Opinião: prêmio a Modric é a vitória da arte sobre as estatísticas
Meio-campista croata não teve números brilhantes como Cristiano Ronaldo e Salah, mas a beleza e a relevância de seu futebol vão muito além das planilhas

Em abril deste ano, a revista France Football escreveu um pedido de desculpas formal ao meia espanhol Andrés Iniesta por nunca ter lhe concedido uma Bola de Ouro. O elegante ídolo do Barcelona conquistou todos os títulos possíveis, mas com seu jogo coletivo e de genial simplicidade sempre ficou à sombra das máquinas de gols – e jogadas igualmente espetaculares – Lionel Messi e Cristiano Ronaldo. O holandês Wesley Sneijder e o espanhol Xavi Hernández também fizeram por merecer, mas jamais chegaram perto da coroação. Nesta segunda, porém, toda a classe dos playmakers, como são conhecidos os criadores de jogadas, se sentiu um pouco representada por Luka Modric. O prêmio The Best 2018 conquistado pelo croata não só encerra uma década de hegemonia de Cristiano e Messi, como reforça a tese de que o futebol é cada vez mais um jogo de grupo. É a vitória da arte sobre os números.
Há quem considere que a premiação foi injusta e até política – era uma bela oportunidade de a Fifa manter Cristiano e Messi empatados em cinco conquistas e ainda premiar uma longa carreira de uma atleta fora do “eixo” e com uma história de vida marcada por guerras e superação. A Copa do Mundo da Rússia, da qual Modric foi vice-campeão e eleito o melhor jogador, foi certamente o que mais pesou na escolha, assim como ocorreu em 2006 na conquista do zagueiro italiano Fabio Cannavaro (talvez a mais controversa de todos os tempos).
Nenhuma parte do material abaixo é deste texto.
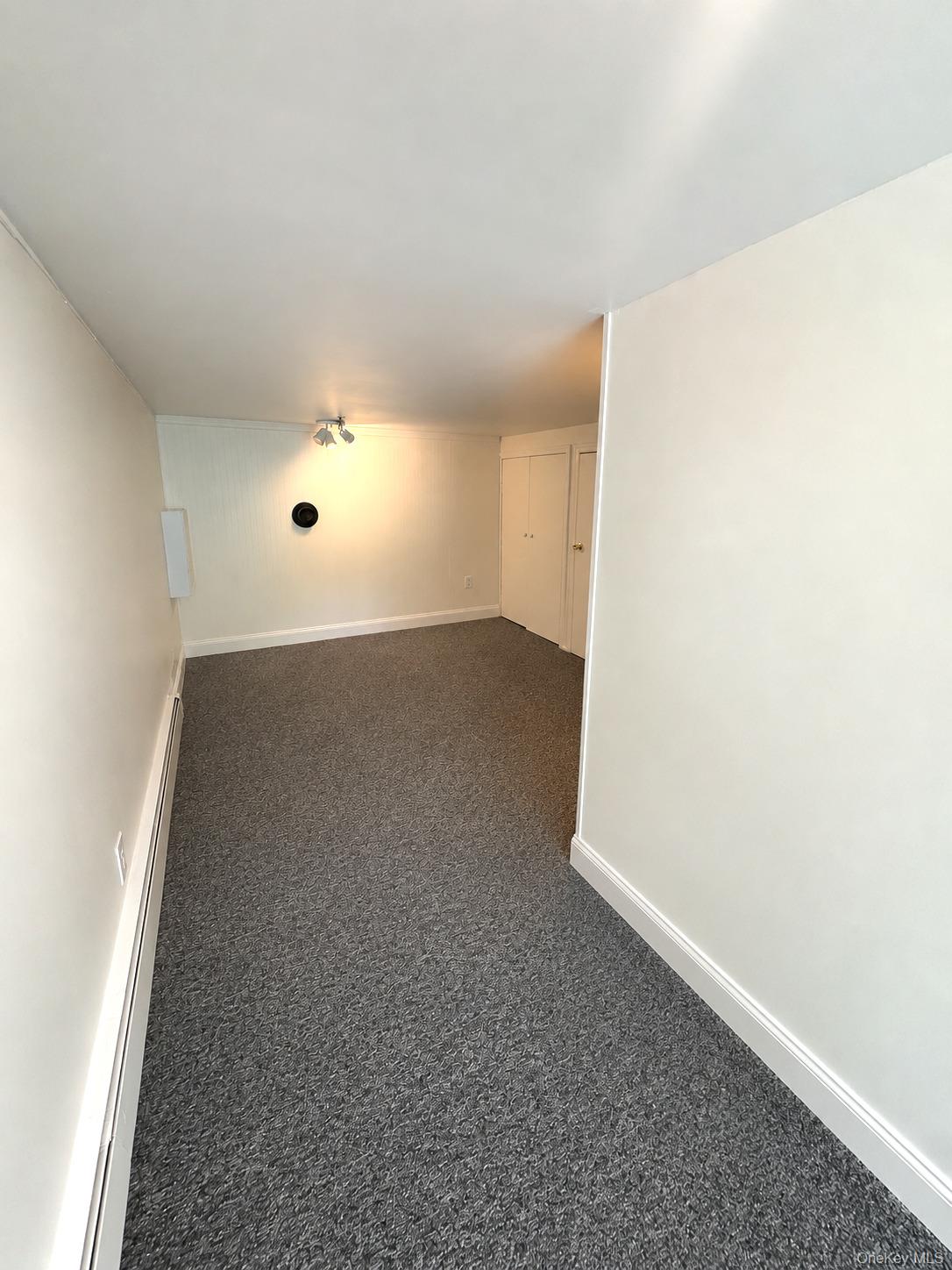 17 Bridge Lane B Property Photo 5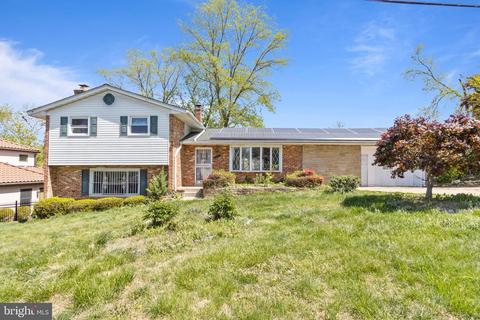 5200 Martin Dr, Oxon Hill, MD 20745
Modric ainda foi peça-chave do Real Madrid nas conquistas da Champions e do Mundial de Clubes, ambos pela terceira vez consecutiva – os torcedores do Grêmio, por sinal, não vão esquecer tão cedo o verdadeiro desfile em campo do croata nos Emirados Árabes. Seus números, no entanto, não são os mais impressionantes.
A comparação com os artilheiros Cristiano Ronaldo e Mohamed Salah é quase uma covardia: Modric somou cinco gols e onze assistências em 59 jogos na temporada, ante 54 gols e onze assistências em 55 jogos do português, e cinquenta gols e dezesseis assistências em 58 jogos do egípcio do Liverpool. Também não roubou tantas bolas quanto o incansável N’Golo Kanté, nem acertou tantos passes quanto o colega Toni Kroos. Mas a beleza do jogo do craque croata de 1,72 metro e 66 quilos não se resume a números. Eles, na verdade, até atrapalham, pois Modric muitas vezes foge do senso comum, evita o passe curto e burocrático – o que diminuiu sua porcentagem de acerto.
O baixinho bom de bola, apelidado no início de carreira de “Cruyff dos Balcãs”, é o motor da equipe do Real Madrid. Corre todo o campo, encontra os espaços vazios, busca o jogo desde a defesa e leva a bola ao ataque com enorme qualidade. Passes de primeira, condução perfeita e uma trivela que já se tornou uma assinatura são parte de seu repertório. É veloz, inteligente, toma as decisões corretas… um verdadeiro artista, um camisa 10 moderno. As estatísticas são sempre bem-vindas e ajudam a explicar o jogo, mas não é preciso utilizar nenhuma planilha para saber que Luka Modric é um craque absoluto, um gênio da bola. Basta ligar a TV, prestar atenção e desfrutar.